In this duo of intimate solo musical plays, Kahane blends songwriting and storytelling for a singular, poignant theatrical event. Book of Travelers recounts the strangers he met on a 9,000-mile train journey through a divided America, and Magnificent Bird chronicles a year he spent entirely off-line, and the unexpected turbulence of living quietly. Performed on alternating nights, these two concept albums offer a relentless self-inquiry, and a searing portrait of a world in flux.

On Magnificent Bird, Kahane revels in the tension between his own experiences of grief, nostalgia, shame, and salvation, and the roiling chaos of a nation and planet in crisis. In October 2020, the final month of the year he spent off the internet, Kahane set out to write a song every day; “Red Letter Days” was one of those songs. “I wanted to create an aural brain scan at the end of this experiment,” he explains, “and to give myself permission to write about small things, rather than trying to distill the enormity of the moment into grand statements.”
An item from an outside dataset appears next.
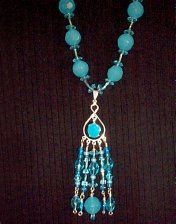 hand made, jewelry, necklace, earrings, bracelet, pendant, pearls, crystals, czech glass, silver plated, brazilian paraiba chalcedony, gem of the ocean
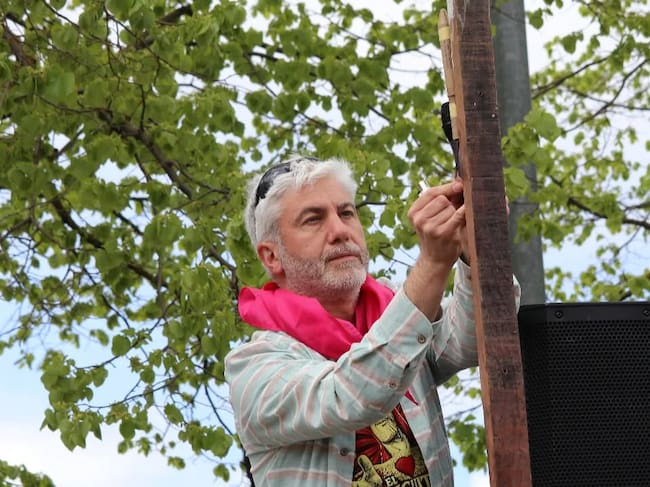 El presidente de la Asociación de Vecinos del Cristo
“My internet hiatus grew out of a belief that at root, our digital devices reinforce the fiction that convenience and efficiency have intrinsic value. That has implications with respect to climate crisis, to inequality, to our (in)ability to see ourselves in each other, to build the kinds of coalitions necessary to make a more just world. I wanted to leave it all behind not as a further expression of techno-pessimism, but rather in search of a positive alternative.

“In that sense, this record relates to Book of Travelers,” he muses, referring to his 2018 Nonesuch debut. That album chronicled a 9,000-mile, off-the-grid railway journey in the aftermath of the 2016 presidential election. “I wanted unmediated interaction with strangers, so I took that trip without my phone. Somewhere in New Mexico, I remember thinking, ‘Wow, this is really transformative. I should do this for more than thirteen days.’”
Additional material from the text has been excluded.